Nota: Se procura uma estrutura anatómica dos insectos, veja Antena (biologia). Se procura os flagelos dos machos de Solifugae, veja Solifugae. Se procura as projecções celulares exclusivas dos eucariotas, veja Cílio.

Flagelo (do latim: flagellum; "chicote") é a designação dada em diversos campos da Biologia aos apêndices móveis com forma de chicote presentes em muitos organismos unicelulares e em algumas células de organismos pluricelulares.[1][2] A função primária dos flagelos é a motilidade dos organismos, possibilitando o movimento em meio líquido, mas é frequente assumirem outras funções, entre as quais assegurar a circulação de fluidos, encaminhar alimento, ou funcionar como organelos sensoriais que reagem à presença de determinados compostos químicos ou à temperatura no exterior da célula.[3][1][2][4] Dada a heterogeneidade estrutural e as diferentes origens evolutivas, os flagelos são considerados como organelos definidos pela função e não pela estrutura.

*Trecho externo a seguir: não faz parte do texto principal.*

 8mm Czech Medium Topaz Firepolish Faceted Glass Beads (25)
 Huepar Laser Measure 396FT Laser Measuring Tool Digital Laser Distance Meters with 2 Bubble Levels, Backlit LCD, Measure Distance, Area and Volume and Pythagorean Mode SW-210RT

Estrutura do flagelo de uma bactéria Gram-negativa.
Micro-algas verdes do género Chlamydomonas dotadas de flagelos.
Espermatozoide, com o flagelo bem visível, fecundando um óvulo.

Um exemplo de flagelo com funções de mobilidade ocorre nos espermatozoides humanos,[5] enquanto os flagelos dos coanócitos das esponjas se destinam a produzir micro-correntes de água que o organismo filtra para obter alimento. Outro exemplo de motilidade é a bactéria carcinogénica Helicobacter pylori, que usa múltiplos flagelos para se mover através do muco gástrico e atingir o epitélio do estômago humano.[6]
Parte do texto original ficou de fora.